**RAW DATA**
________________________

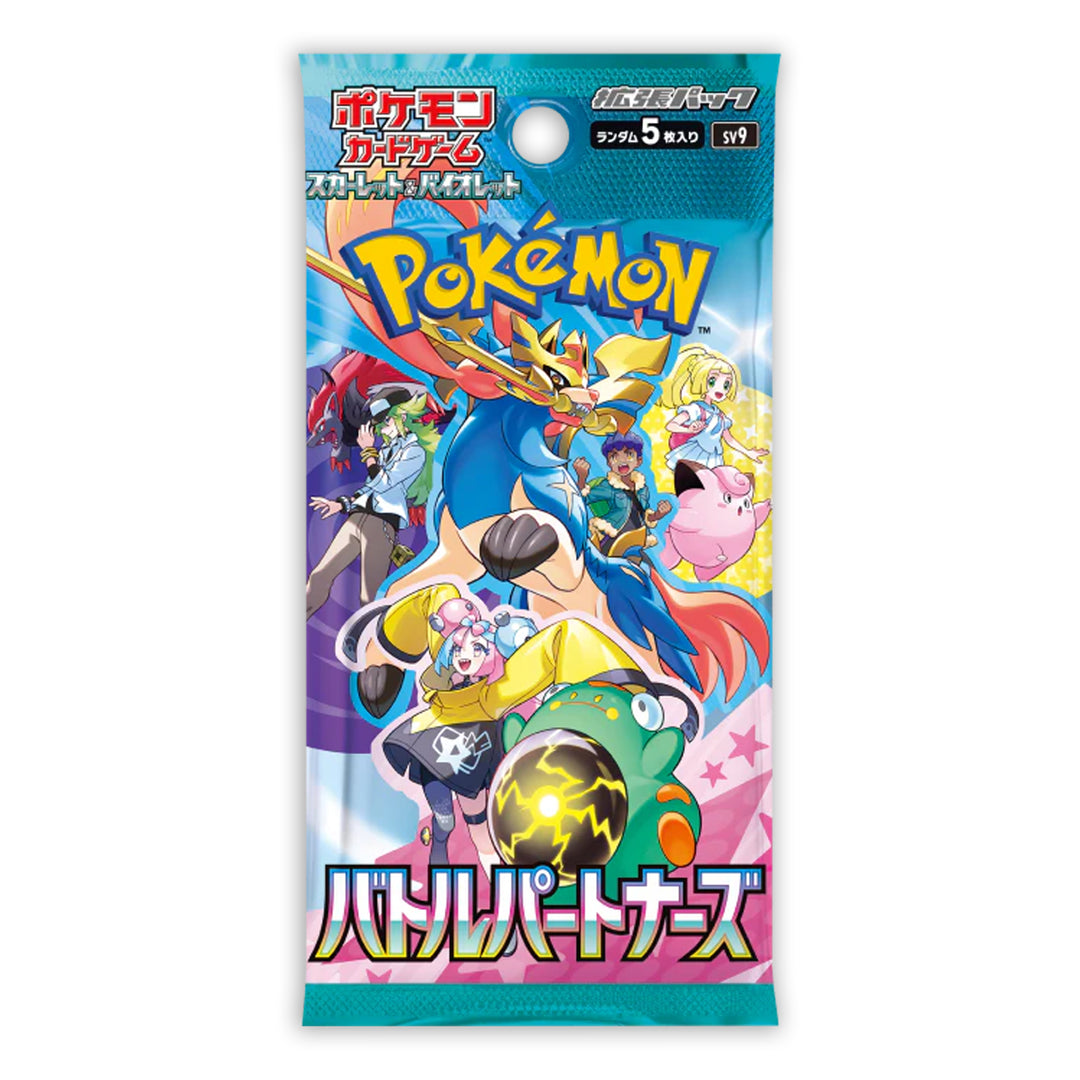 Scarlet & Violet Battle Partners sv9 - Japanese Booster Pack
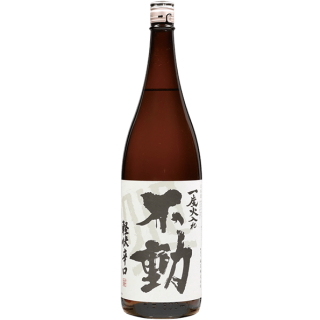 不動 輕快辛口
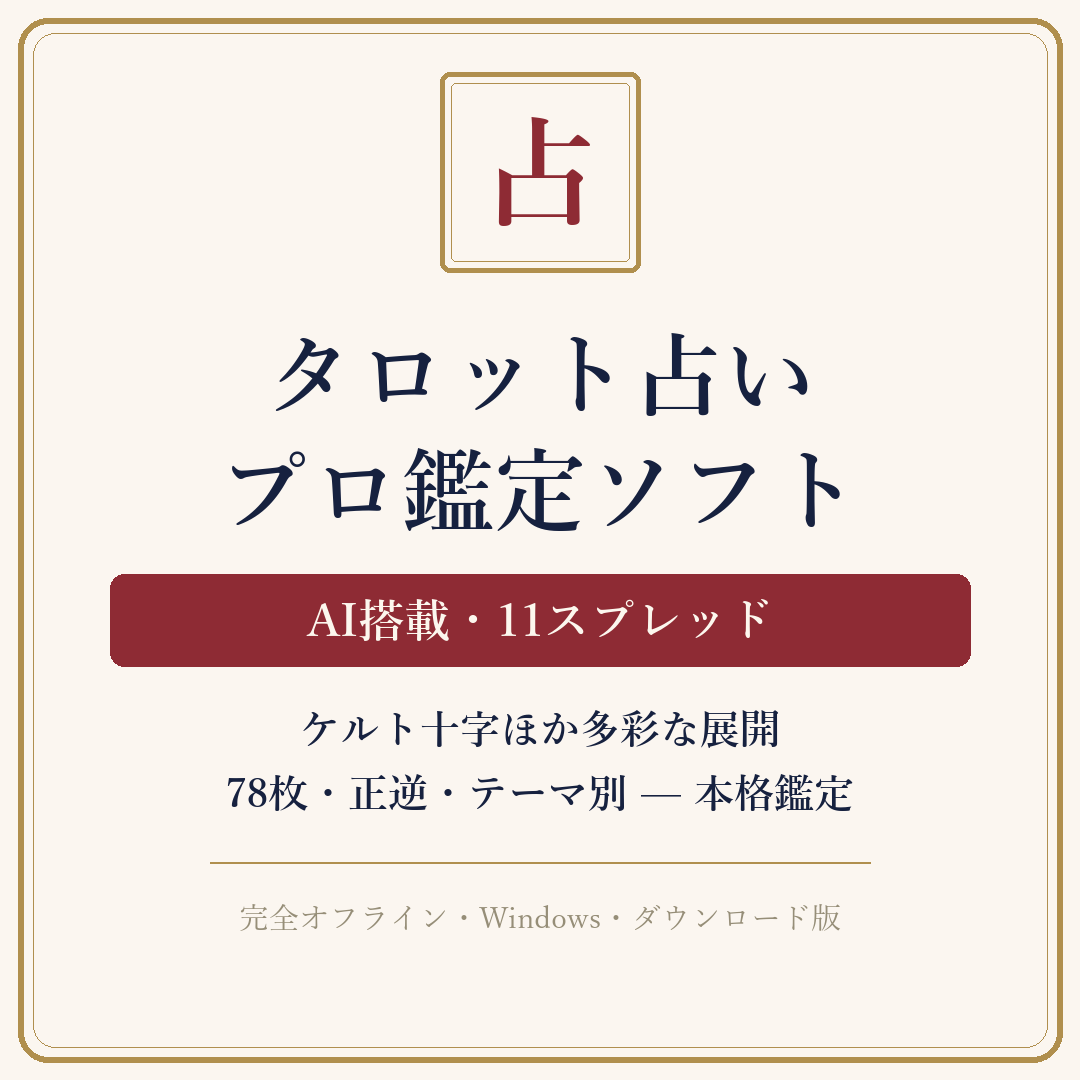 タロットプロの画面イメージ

________________________

Leave out the images and repeat the rest of the data word for word.

**ANSWER TO THE EXERCISE**
 Scarlet & Violet Battle Partners sv9 - Japanese Booster Pack
 不動 輕快辛口
 タロットプロの画面イメージ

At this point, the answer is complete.